The Obesity Tradeoff
For now, weight-loss surgery is a hot property, pushed by several potent factors. Marketing is at a fever pitch. Consumer demand is very high, with many hospitals booked months in advance with adults and teens, and insurers inundated by coverage requests. The ranks of the American Society of Bariatric Surgeons have swelled from 168 in 1993 to 860 in 2003, and critics complain that many hang out their shingle after a single weekend training.
While successful surgery scenarios – well trained, experienced surgeons with lots of hospital backup – have low complication and death rates, other situations can produce tragic results.

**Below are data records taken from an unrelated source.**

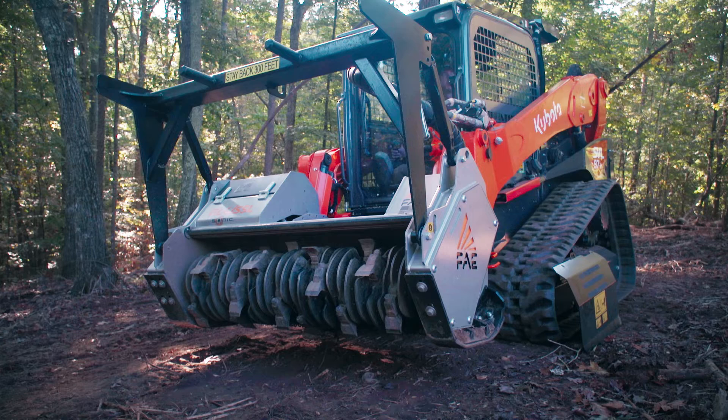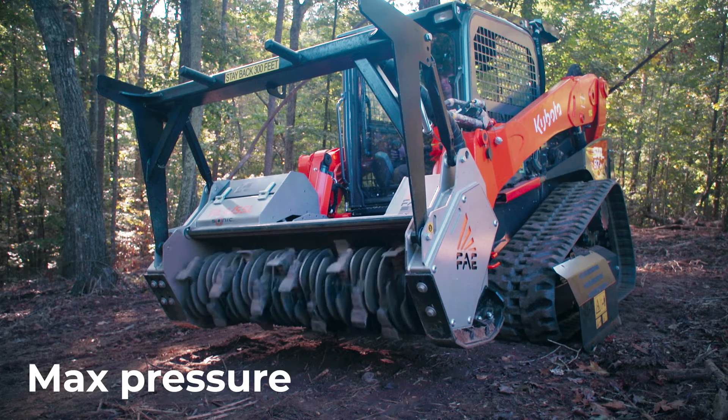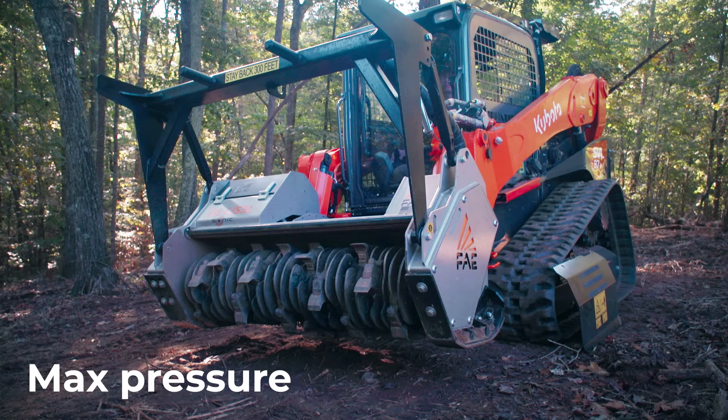The sonic will cycle through three phases: first is max pressure, next is max flow, and lastly is min displacement.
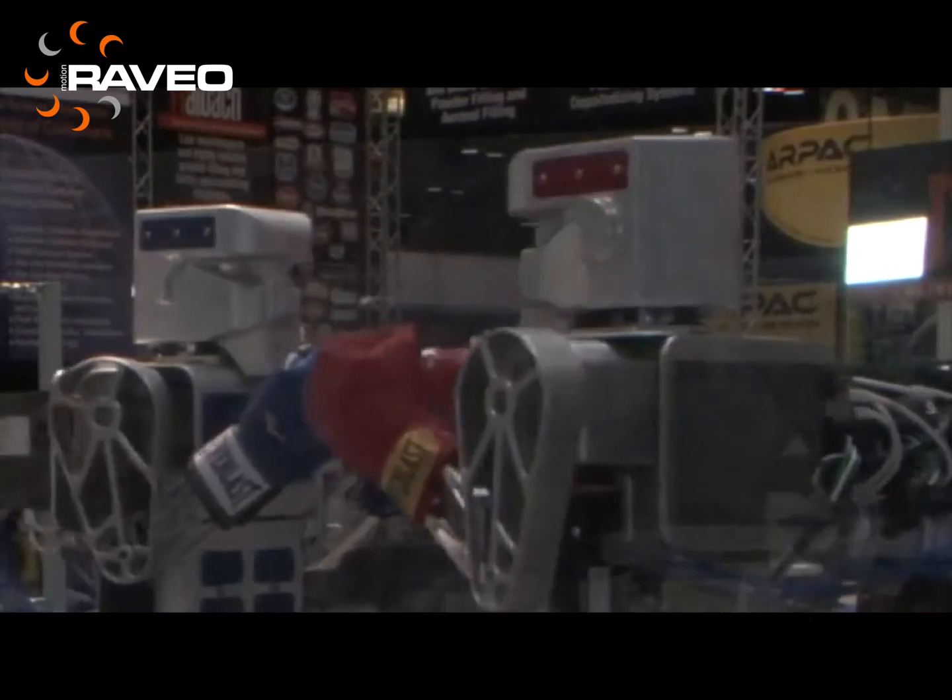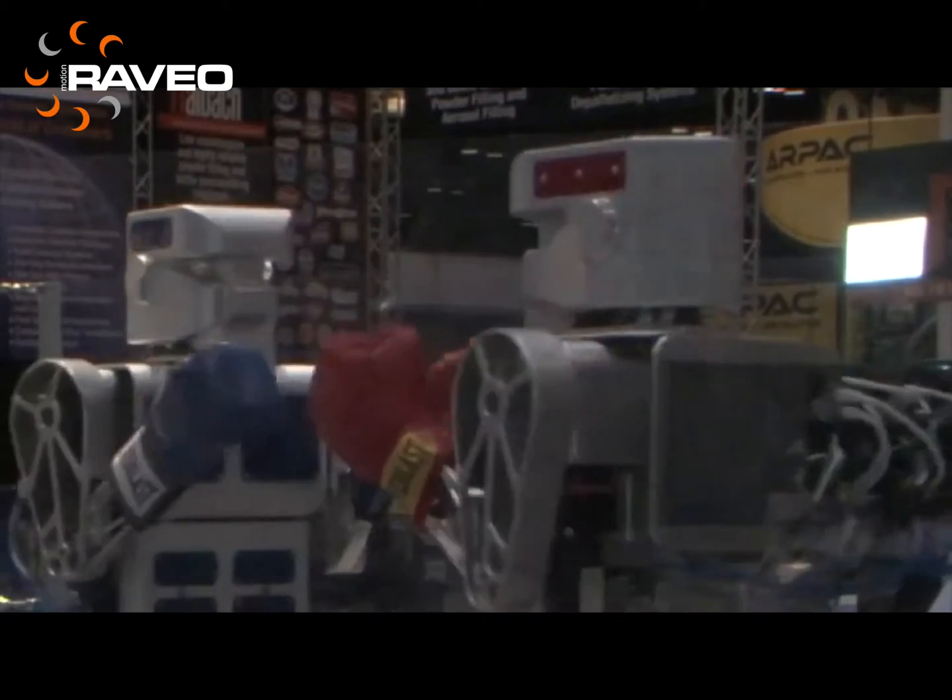To start with, this demo has 12 axes of motion with a variety of mechanisms controlled through a single PDMM programmable controller. This single device is all that is needed to handle the different devices on board this machine. No external controller is needed, like a PLC.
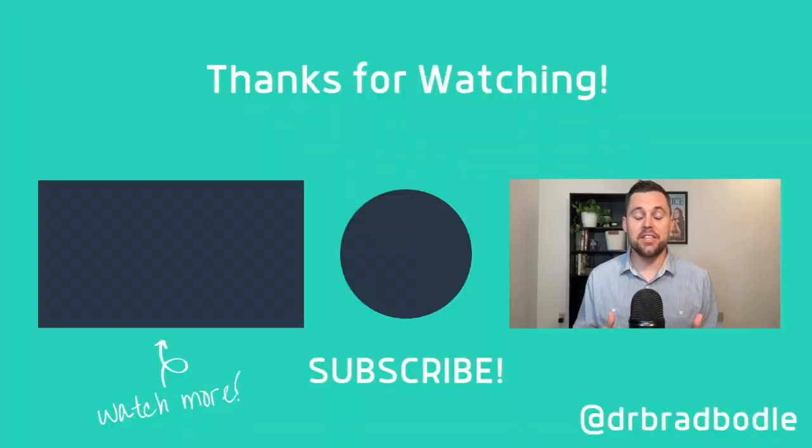That's all we got for today. I love and care about you guys, I hope that you're doing well, and thank you for the continued support. If you haven't done so, give this video a thumbs up and subscribe to the channel — it really does mean a lot to me. My name is Dr. Brad Bodle, I hope you guys have a great rest of your week, and I will see you in the next one.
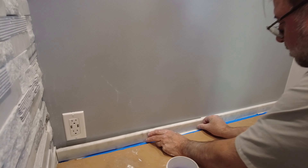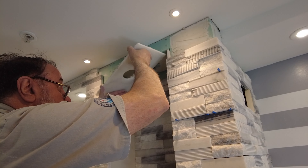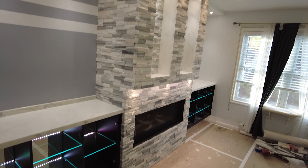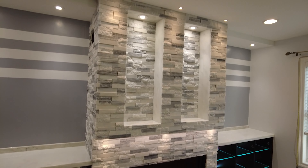That was special. All finished. Everything else had to be cut and fitted.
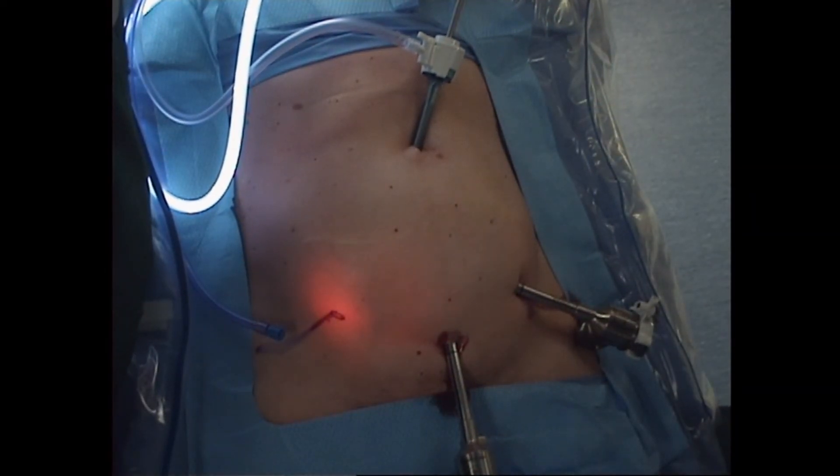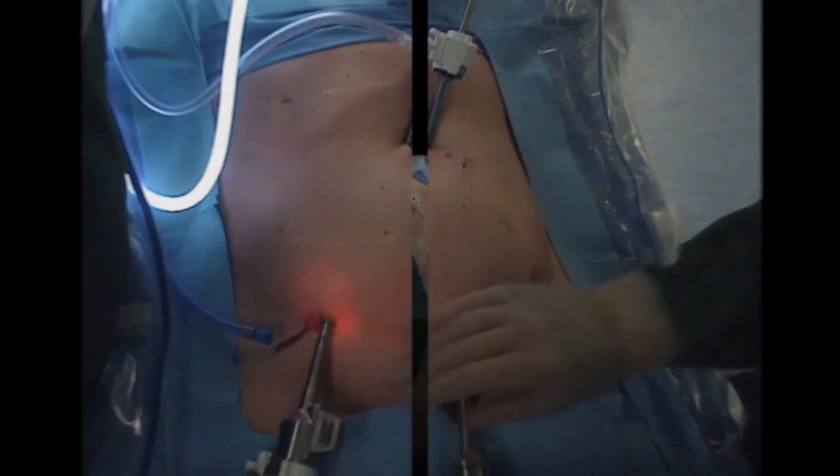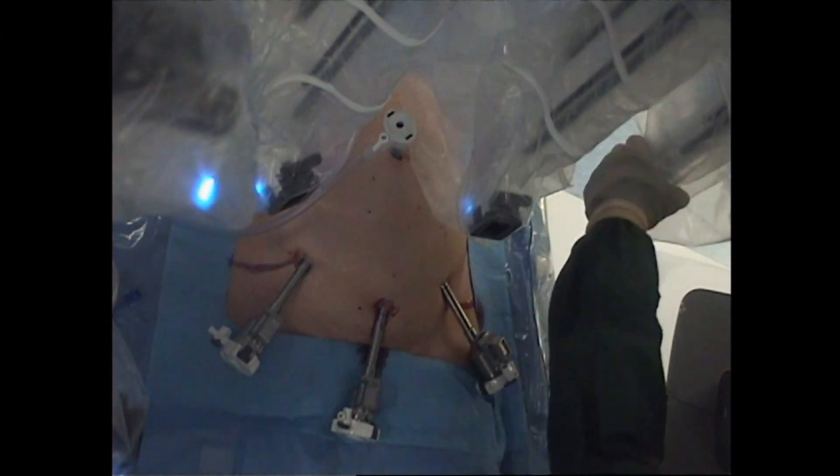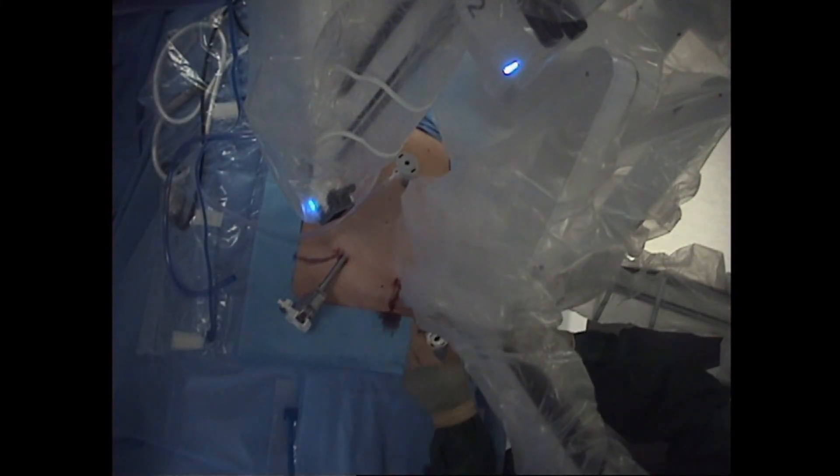The robot tower is brought up to the field and docked to the center suprapubic port. This concludes port placement for bikini-line robotic cholecystectomy.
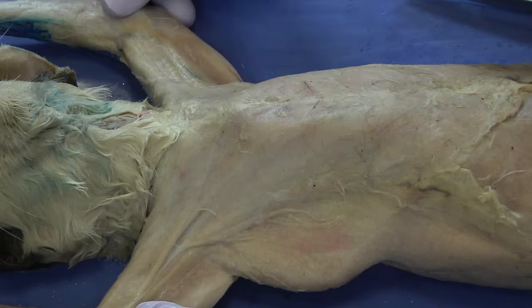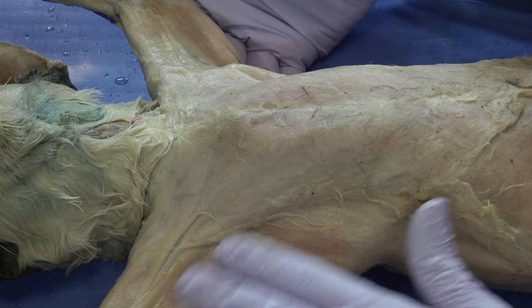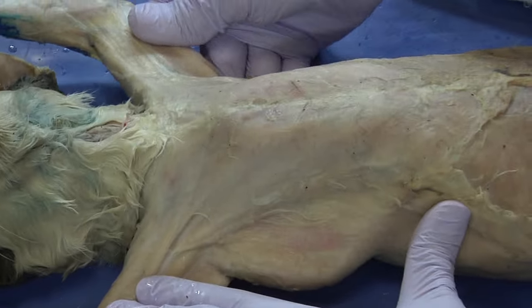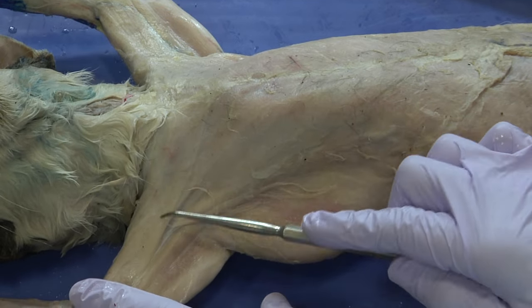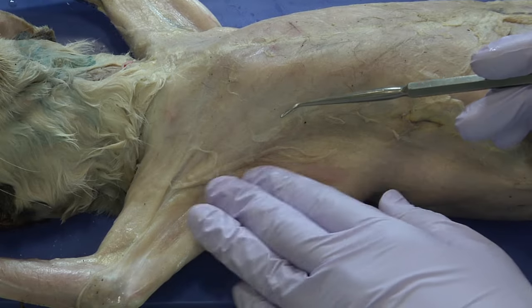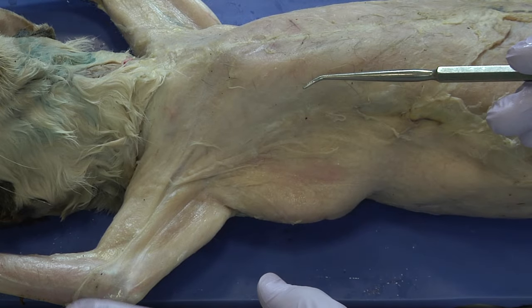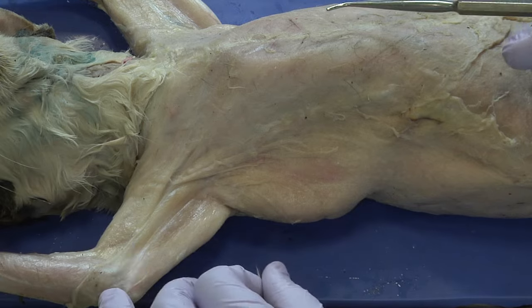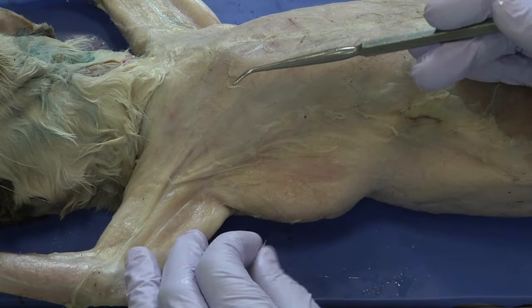Now that the cat's chest and upper arms are clean of connective tissue, you can begin to see the muscle pattern and how it's striped. That was the level of removal we wanted. The next step is to delineate and isolate the muscles from one group to the next.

Houston attorney Richard Mitloff represents 28 surgery patients who got their surgeries at facilities owned by a major Texas hospital chain.
"They marketed the surgery very aggressively," Mitloff charges. "They'd pay the airfare for patients, bring them in by limo, with an elaborate last meal before the surgery." After the surgeries, four patients died, and the others experienced major infections, stomach leakages, and other complications requiring more surgeries and leaving permanent injuries.
"Surgery can be very beneficial in the right circumstances," says Mitloff. "But this is a very lucrative business with procedures getting $30,000 to $40,000 each. A number of hospitals see nothing but dollar signs."
Helen Cordes is a freelance journalist based in Texas. She is writing about childhood obesity as a 2004 Journalism Fellow in Child and Family Policy through the University of Maryland.